It was a nice October weather weekend. Saturday morning Ken Knowles, John Wells and I started at Cape Race. Lots of seabird feeding action off the Cape including 1000+ Great and Sooty Shearwaters, a few hundred Razorbills, lots of kittiwakes and gannets, 3 adult Pomarine Jaegers but no migrant/vagrant passerines in the grass. With low hopes of finding passerine vagrants we skipped most of patches of tuckamore we might otherwise check along the road when there is hope of finding something. One place we never pass by is the Hooded Warbler Tuck. It is the best patch of 'woods' on the entire Cape Race road. We had just two birds here, an Orange-crowned Warbler and a WHITE-EYED VIREO. The vireo was kind of thrill we hope for on the Cape Race road. The looks were brief but good as this skulker stayed in the thick stuff.

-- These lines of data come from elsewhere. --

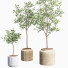 Plantes en pot Ensemble intérieur 11 - farshidtavakoli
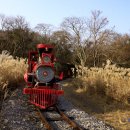 에코랜드 이미지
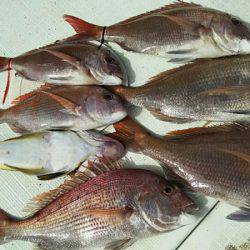 タイラバ遊漁船 ワンピース 釣果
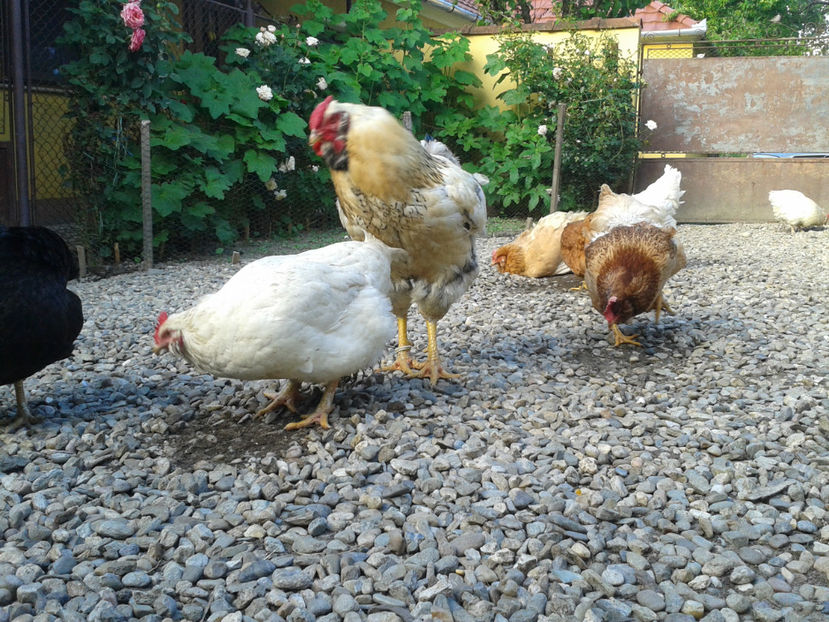  - Găini MATCĂ MATURĂ - eclozate în 2021 - fotografiate miercuri 15 mai 2024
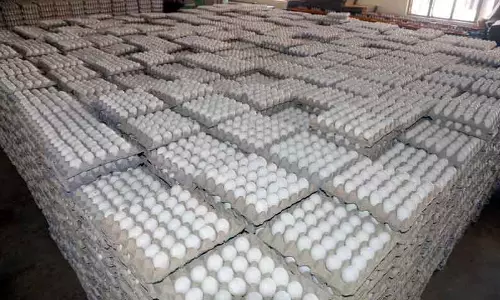 நாமக்கல் மண்டலத்தில்முட்டை விலை 5 காசுகள் உயர்வு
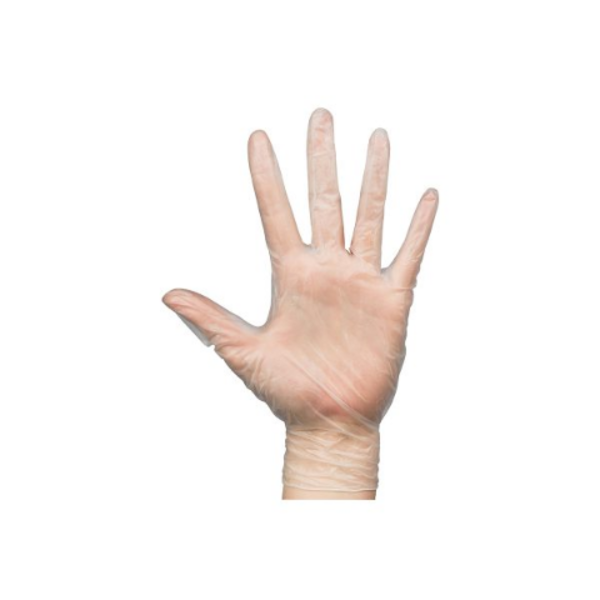 Glove Vinyl Powder Free 100/Pk Large_image_Nepean Hospitality_order now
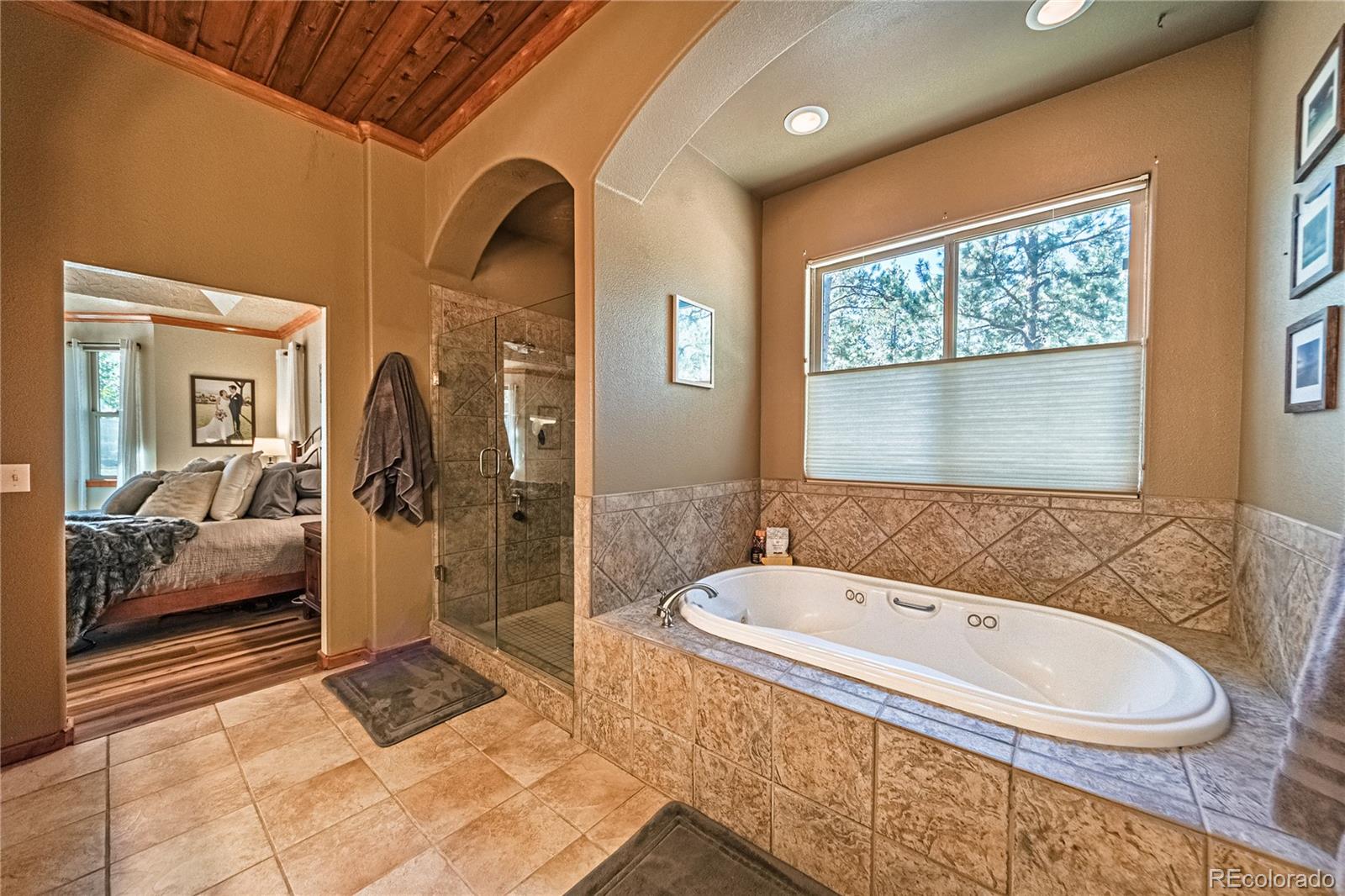 MLS Image #39 for 1210  kenosha drive,larkspur, Colorado
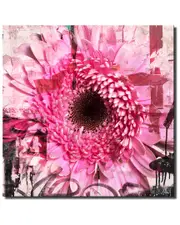 Ready2HangArt Painted Petals CII Wrapped Canvas Wall Art by Tristan Scott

White-eyed Vireo was the star of the weekend. It seems to be part of a new, albiet light, influx of new birds to the Avalon. A number of other Orange-crowneds and a couple of Nashvilles and other odds and ends were seen in places that were pretty birdless last weekend. Strong South winds tonight (Sunday) might bring us some more interesting birds.
The White-eyed Vireo in The Hooded Warbler Tuck on Cape Race Road on 26 Oct 2013. It was rarely this much in the open during the 10 minute encounter. Photo opportunities were very brief and in far from ideal poses. This shot was major luck. The next best shot was much worse. White-eyed Vireo is just less than annual in the province. There are a dozen or so records, mostly during October with a few in November and one in December.

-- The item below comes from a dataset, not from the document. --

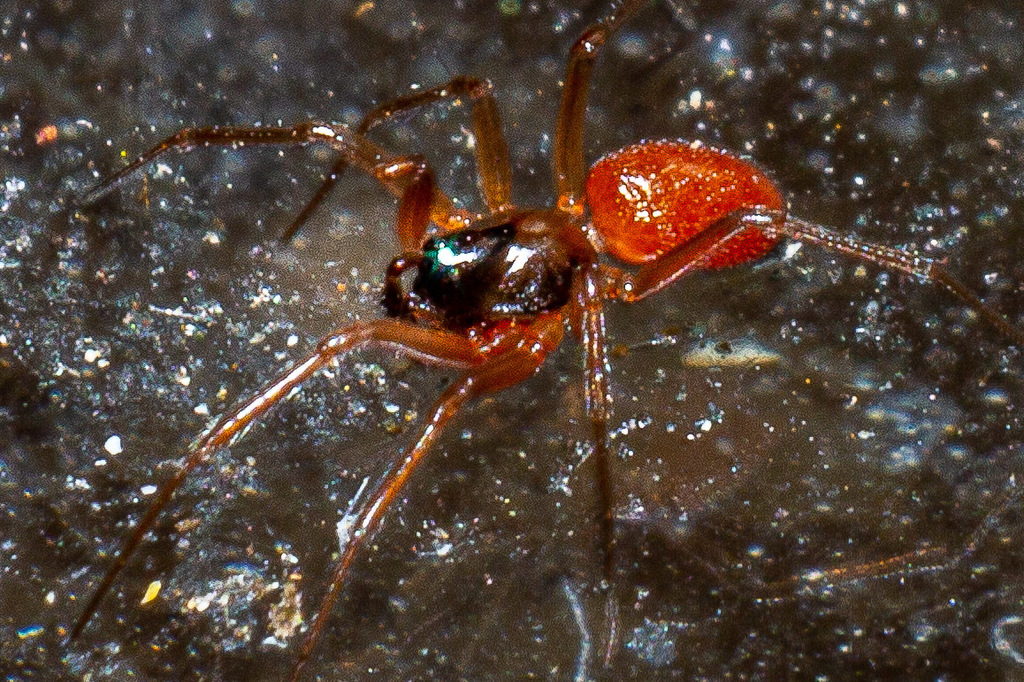 Ostearius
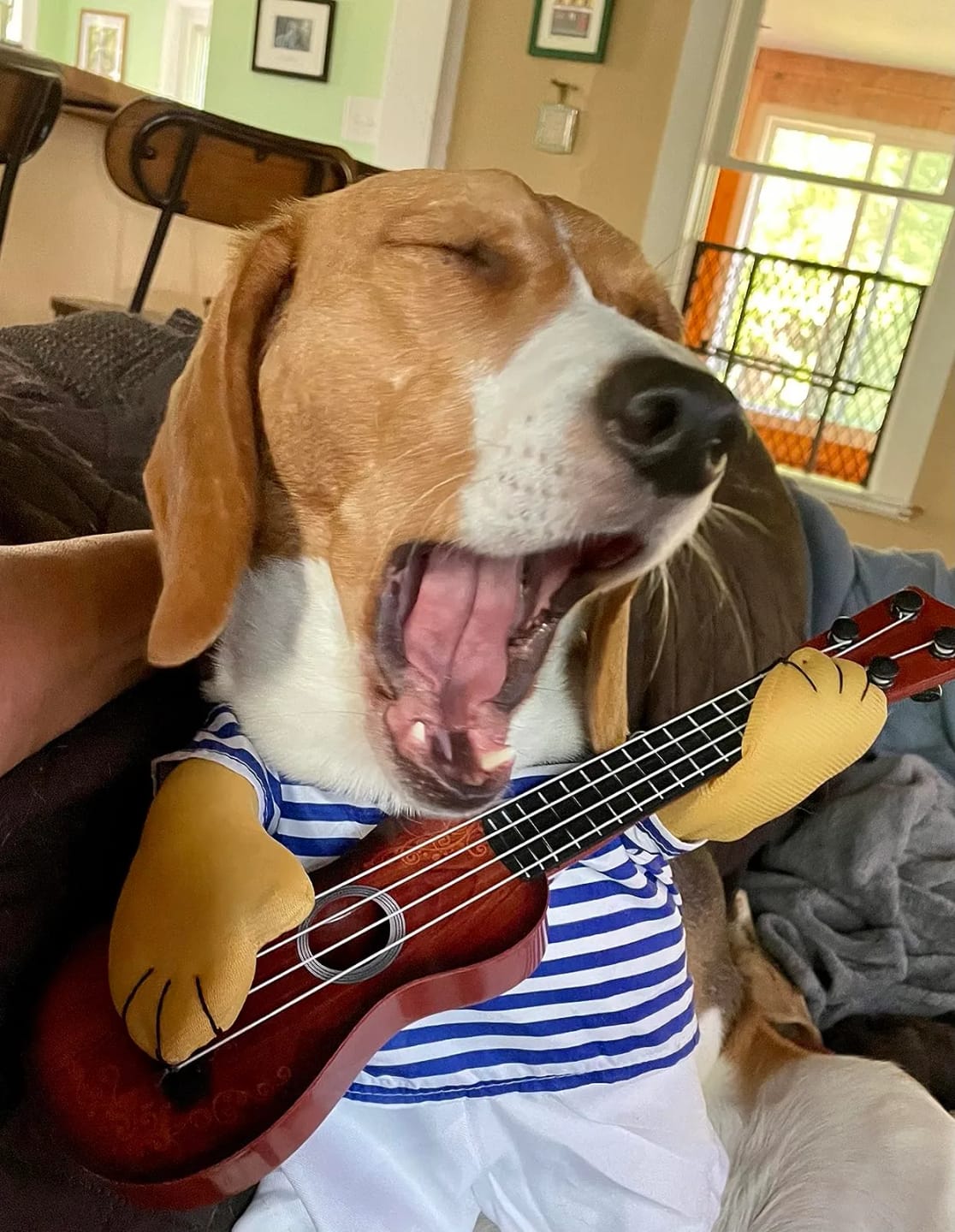 Customer photo review of The Guitarist Dog Costume for Halloween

Orange-crowned Warbler in The Hooded Warbler Tuck on Cape Race Road on 26 Oct 2013. This is a scarce but routine Oct/November bird on the Avalon Peninsula.
Move over seal! This Hudsonian Godwit with a threatening long bill and four Black-bellied Plovers had no effect on this resting seal at Renews on 26 Oct 2013. They landed on the adjacent rock.

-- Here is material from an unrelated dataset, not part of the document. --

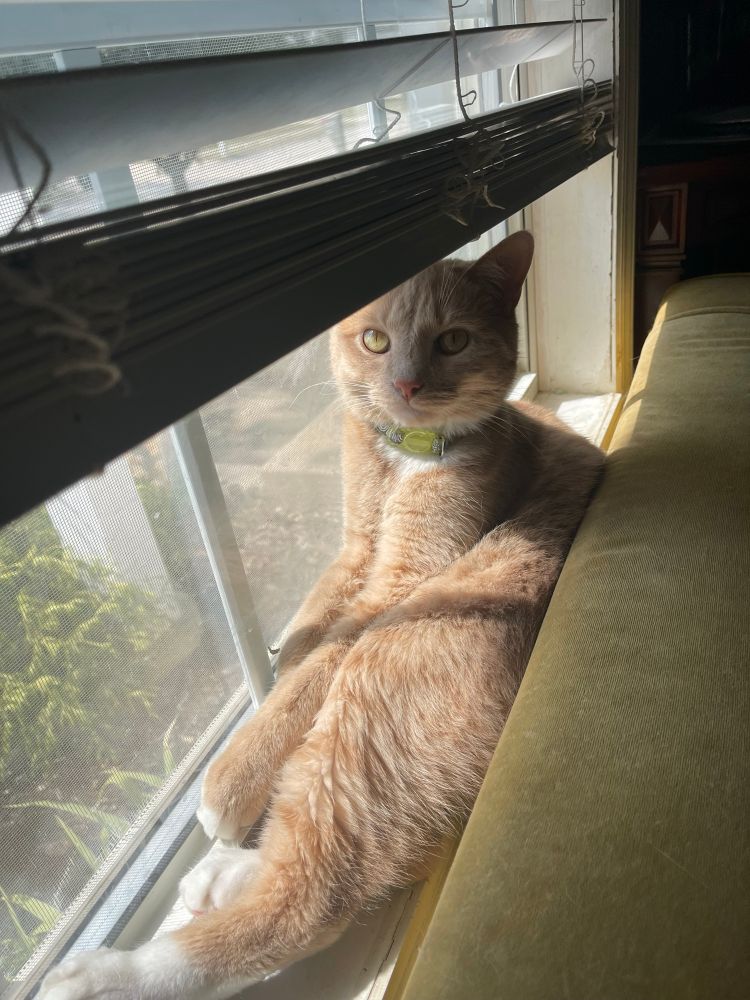 Adorable small light orange cat reclining on his back on the window sill. He’s pretty sure you should have treats if you’re disturbing his “me” time.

This unusually tame mink at the Cape Race lighthouse turned up its nose at Ken's offering of chicken from his sandwich.
A sad looking, out of habitat, Great Blue Heron by the dry dock in St. John's harbour on 27 Oct 2013 was a low excitment vagrant but fits in with the sense that there has been a small influx of new birds to the Avalon because of recent SW winds.